La conception non conventionnelle du télescope — les 4 demi-lunes côte à côte — est particulièrement bien adaptée à un projet aussi ambitieux. Le télescope ne possède aucune pièce mobile, mais il est fixé à une mécanique mobile très fiable : le globe terrestre. Chaque nuit, la rotation de notre planète permettra à la surface de CHIME de balayer une nouvelle bande du cosmos et de capter de faibles émissions radio venues du passé lointain de notre univers.
Nuit après nuit, mois après mois, CHIME accumulera suffisamment d’information pour cartographier la structure cosmique du plus grand volume de l’univers jamais observé, avec une résolution suffisante pour discerner les « oscillations acoustiques des baryons », c’est-à-dire les fluctuations de la densité de matière dans l’univers qui aident les cosmologistes à mieux comprendre les effets de la matière sombre sur l’accélération de l’expansion de l’univers.
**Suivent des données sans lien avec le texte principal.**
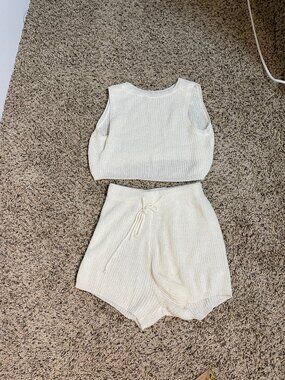 Share Softwear by Reverse Women's White Cardigan Cami Shorts Set 3PC Size XS/S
Kendrick Smith, avec ses collaborateurs de partout au Canada, épluchera les données à la recherche de l’insaisissable catalyseur qui a déclenché l’expansion accélérée de l’univers. Pour le moment, ils doivent attendre que les réflecteurs en demi-lune de CHIME soient équipés des puissants dispositifs électroniques qui amélioreront sa vision du ciel.
« C’est un projet passionnant, déclare M. Smith. Le plus excitant, ce serait de déterminer mieux que jamais l’histoire de l’expansion de l’univers — et d’apprendre ainsi quelque chose de réellement nouveau et fondamental. Nous ne savons pas vraiment où cela va nous mener, mais ça fait partie de l’intérêt de la chose. » [traduction]
À propos de l’IP
L'Institut Périmètre est le plus grand centre de recherche en physique théorique au monde. Fondé en 1999, cet institut indépendant vise à favoriser les percées dans la compréhension fondamentale de notre univers, des plus infimes particules au cosmos tout entier. Les recherches effectuées à l’Institut Périmètre reposent sur l'idée que la science fondamentale fait progresser le savoir humain et catalyse l'innovation, et que la physique théorique d'aujourd'hui est la technologie de demain. Situé dans la région de Waterloo, cet établissement sans but lucratif met de l'avant un partenariat public-privé unique en son genre avec entre autres les gouvernements de l'Ontario et du Canada. Il facilite la recherche de pointe, forme la prochaine génération de pionniers de la science et communique le pouvoir de la physique grâce à des programmes primés d'éducation et de vulgarisation.